Bev Langley, who runs the Minton Farm Native Animal Rescue Centre at Cherry Gardens, told InDaily her daughter Jessica Jones and family were lucky to survive the blaze, which came right over the top of their Mount Bold Road property at Bradbury.
Her daughter sent her a photo of the approaching flames about 9pm.
“She sent me the photo and said ‘here it comes’, so more or less ‘goodbye’,” Langley said.
“So I just prayed and prayed and prayed and prayed.”
Langley said Jessica and her husband Graeme and 18-year-old daughter Mary battled embers with a fire pump and hoses, while their two youngest children, aged 7 and 5, stayed in the home’s fire bunker, with their pet dog and chickens.
“The fire came right over them and everything is gone, beautiful gardens, pastures, fencing,” she said.
Langley said the family was lucky to survive and the house was also saved.
“It’s almost like a miracle,” she said.
“It could have easily gone so much worse if it was windy.
“We’re all alive and we all have homes and that’s all that matters.
“Once the front had passed, the CFS rolled up and starting helping them.”
Langley said the fire also came close to her home on Cherry Gardens Road, Cherry Gardens, but luckily it was heading the other way.
“We could see it, you could just about touch it but we were well advised as to the direction of it heading away from us,” she said.
Fellow Hills dweller, author and academic Danielle Clode has written extensively about the need for vulnerable residents to prepare a bushfire survival plan – and last night she was forced to put hers into action.
The award-winning writer and Flinders University senior research fellow survived Victoria’s Black Saturday blaze – and later published a book about Australia’s bushfire preparedness, A Future In Flames – but this was the first time a bushfire has actually reached her property.
“About 4.30pm we got an alert about the fire in Cherry Gardens,” said Clode, a 10-year resident of Bradbury whose property sits behind Scott Creek Reserve and near Mount Bold Reservoir.
“You could see the huge plume of smoke coming up from the back of our property… we spent quite a lot of time watching how that progressed and getting the property prepared.”
The Clodes have a well-established plan: just over a year ago she published an article on The Conversation urging others to do the same.
“Our best protection lies in our own hands, safeguarding our own property and making carefully considered plans in advance as to how to save our own lives,” she wrote at the time.

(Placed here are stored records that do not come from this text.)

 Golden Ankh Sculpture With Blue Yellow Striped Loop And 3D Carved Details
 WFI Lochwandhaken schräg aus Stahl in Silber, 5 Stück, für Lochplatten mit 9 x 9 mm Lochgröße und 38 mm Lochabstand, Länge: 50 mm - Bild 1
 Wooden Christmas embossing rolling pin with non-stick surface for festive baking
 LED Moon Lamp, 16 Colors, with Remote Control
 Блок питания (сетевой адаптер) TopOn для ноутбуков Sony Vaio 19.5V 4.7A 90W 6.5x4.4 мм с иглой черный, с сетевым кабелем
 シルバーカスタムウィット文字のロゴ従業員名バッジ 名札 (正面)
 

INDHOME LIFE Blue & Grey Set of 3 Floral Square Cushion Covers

Last night, she did just that, setting about checking pumps, preparing hoses, filling buckets and rounding up animals.
“Then it’s a matter of sitting and waiting,” she said.
Monitoring the fire’s progress on a CFS scanner, Clode “could hear it was coming closer”.

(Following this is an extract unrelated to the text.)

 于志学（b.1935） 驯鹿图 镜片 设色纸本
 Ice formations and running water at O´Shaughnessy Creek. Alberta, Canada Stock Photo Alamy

Once it reached the roads behind her property, she could see the glow above the trees – “and hear the fire as well”.
“It was really noisy as it roared up through the reserve,” she said.
Thick vegetation in the reserve nearby allowed the fire front to tear through the Clodes’ property, while several fire trucks attended to assist them repelling it.

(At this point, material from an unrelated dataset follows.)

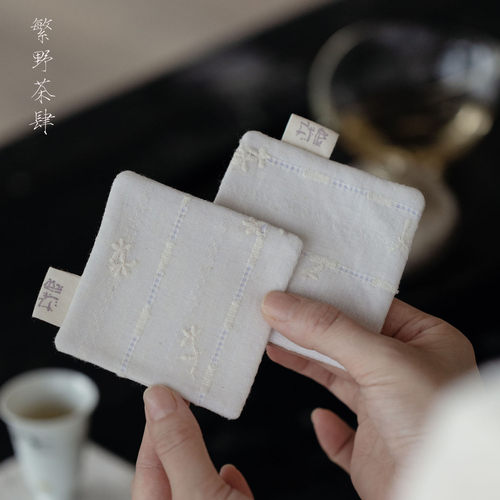 中式小清新刺绣杯垫布艺手工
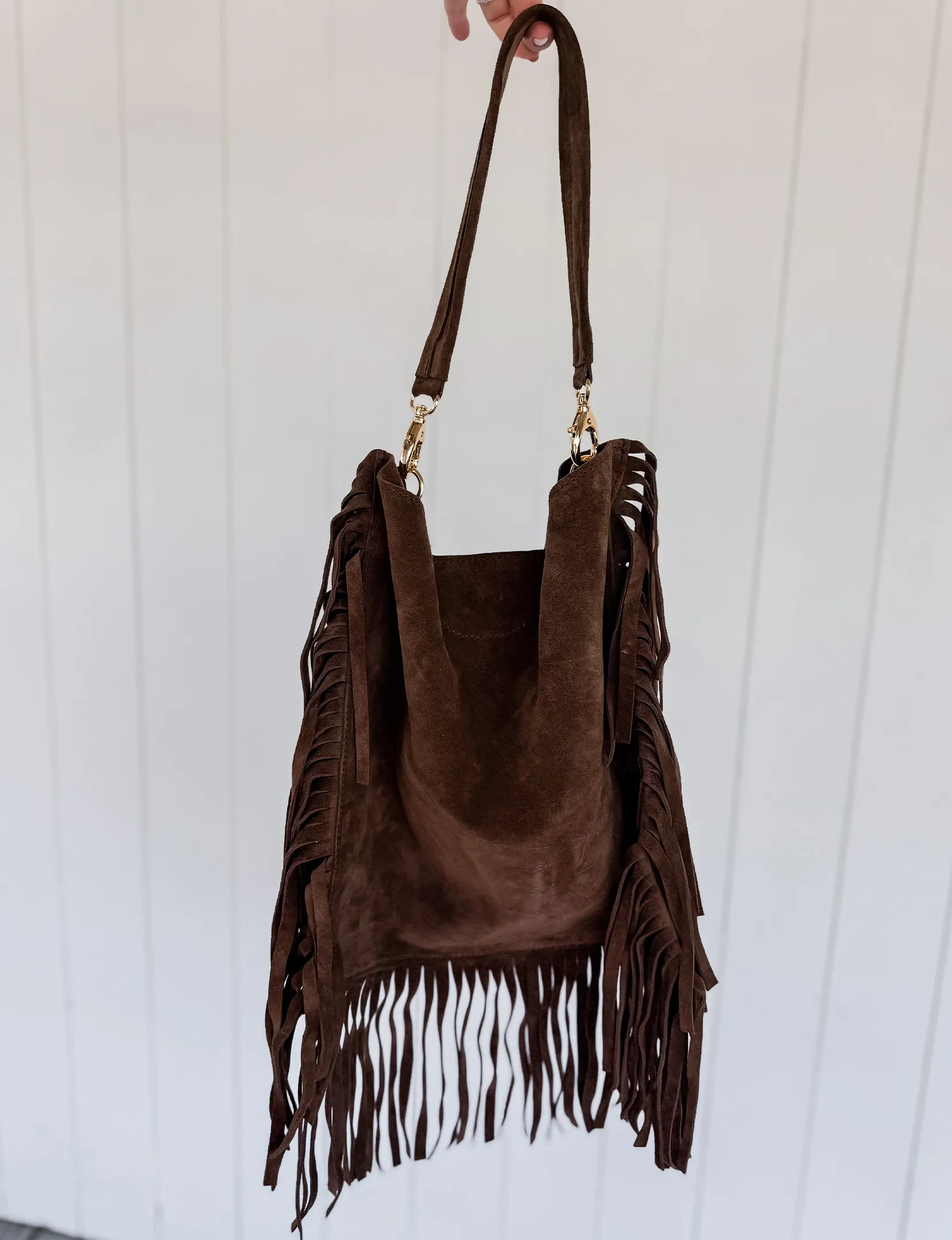Theresa Fringe Bag, Brown Suede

“That was very helpful,” she said.
Also helpful was the speed of the blaze dropping off as it approached.
“It came up the crest of the hill quite fast, then slowed as it came over the hill, burning through the verges and a line of trees up the side of our property,” she said.
By midnight, “things settled down and looked a lot calmer”.
Most of their neighbours had left, with Clode undertaking a morning check on their properties.
“One of our neighbours lost their house,” she said.
“I’ve just been over there and checked on that – her chickens survived but not her house.”
Little bit of excitement today. Closer than I'd like. Fire plans in action. pic.twitter.com/Ix9oan5JlW
— Danielle Clode (@DanielleClode) January 24, 2021
Clode says the 2009 Black Saturday blaze was “five minutes from impacting our property”.
Back then her husband was captain of the local fire brigade while she was working in a community safety role with the CFS.
She says it’s important for people to prepare themselves both mentally and physically for bushfire danger, “to help people think through the complexities of what they need to do”.
“It’s really complicated [and] the emotional response is important, being aware of the sorts of stimuli that are going to happen,” she said.
“The noise is really dramatic – the fire’s roar… you think there’s a freight train coming towards you, it’s really quite terrifying on a quite visceral level…
“But if you know that’s what’s going to happen, you can go, ‘right, I know what that is – that’s the fire’, and it doesn’t frighten you as much.”
She said while last night “you could see flames leaping up, taller than the trees”, it’s important to recall that “a small fire is just as dangerous as a large fire – both of them can kill you”.
“The more we’re aware of what to expect, the less frightening those things are – and that’s the advantage of having a plan, so you don’t panic,” she said.
“You know what you have to stick to, and that gives you the confidence to follow it through.”